# Long reef/Narraben 21.10.07



## JT (May 25, 2006)

I am hoping the neighbours wind chime is doing it's thing tomorrow alarm wise ....

Long reef/Narraben tommorow morning at 6:00 am for Kingies.

All welcome.......

JT


----------



## JT (May 25, 2006)

Forced into a last minute no go on this one....I hope you go well if you intend to go out.

JT


----------



## Rogue (Jul 31, 2007)

Wont be fishing today,fished the Hawkesbury with the family yesterday arvo.
My daughter caught a 55cm Jewfish and a 40cm Flathead,spooled by a Jewie ,wife caught a nice Bream .

Looks like things are improving over there.


----------



## sbd (Aug 18, 2006)

Rogue said:


> My daughter caught a 55cm Jewfish and a 40cm Flathead,spooled by a Jewie ,wife caught a nice Bream .

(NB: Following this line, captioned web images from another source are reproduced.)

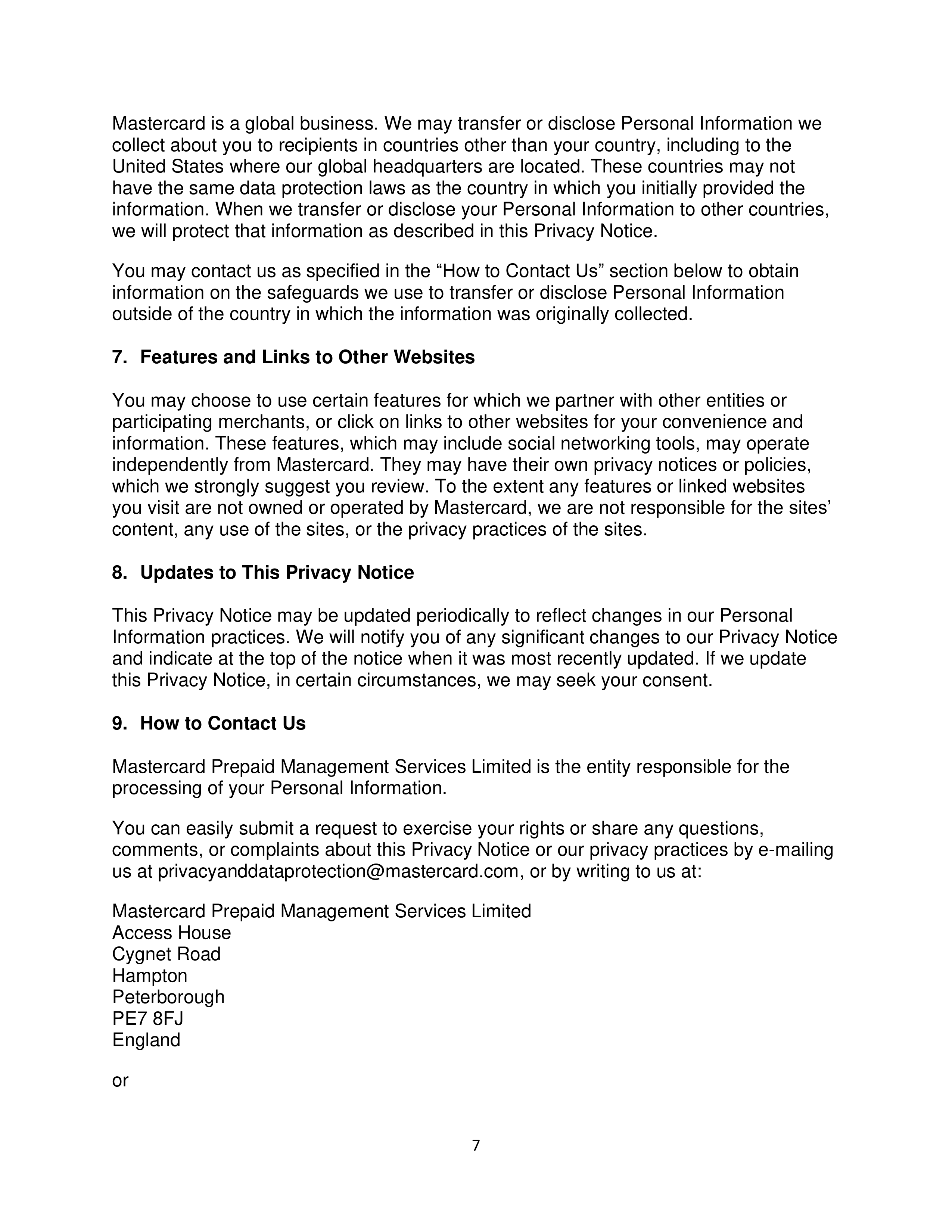 Mastercard Prepaid Management Services Privacy Notice — page 7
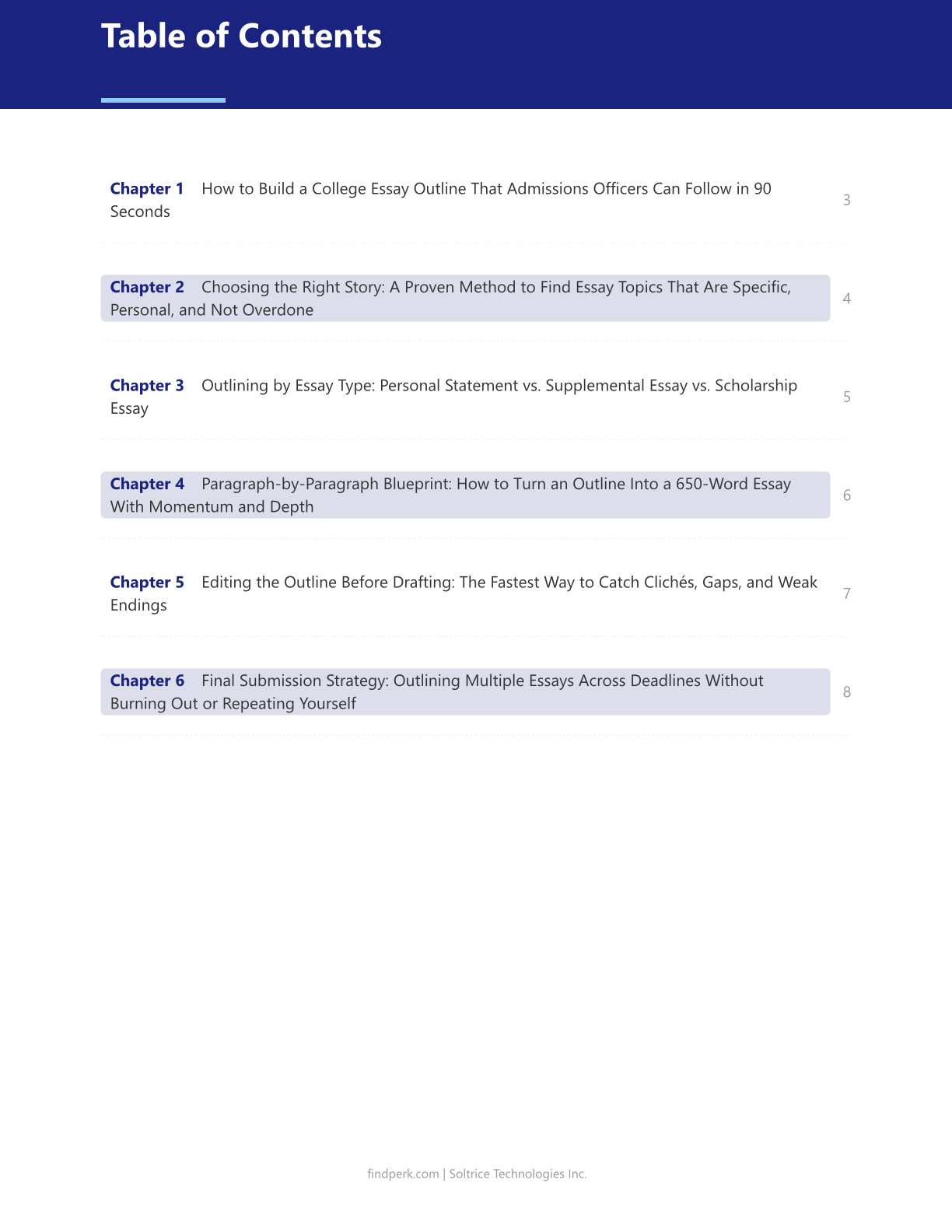 College Essay Outline — Study Guide PDF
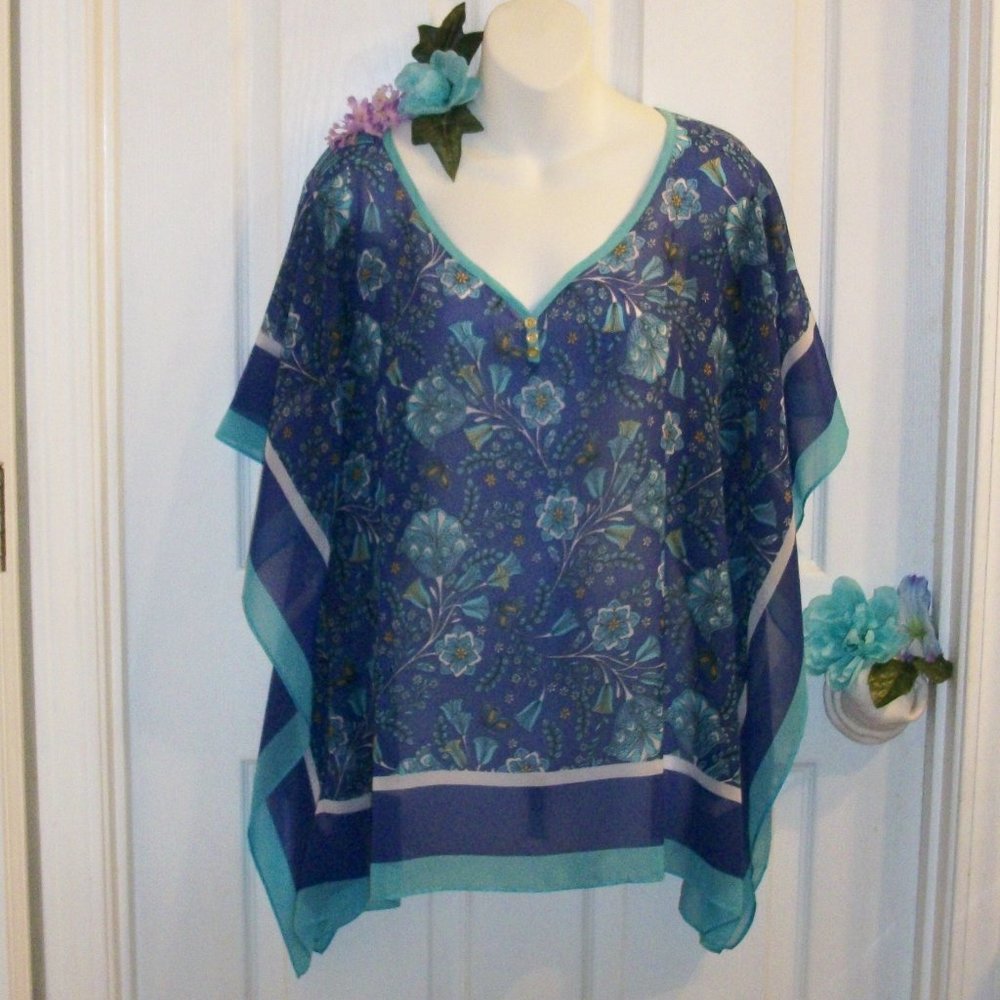 TALBOTS Floral Print Chiffon Scarf Top Sz S Purple Aqua White Floral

Do tell... Where, with what, when?


----------



## JT (May 25, 2006)

Any further details Rogue?

JT


----------



## Rogue (Jul 31, 2007)

Near Spencer on the top of the tide,went with the stink boat from Berowra so not sure where to access by yak.
As soon as I know,will try to organise a trip.

Cheers


----------



## bazzoo (Oct 17, 2006)

Yes please , so then i can see that magnificent ski in living colour


----------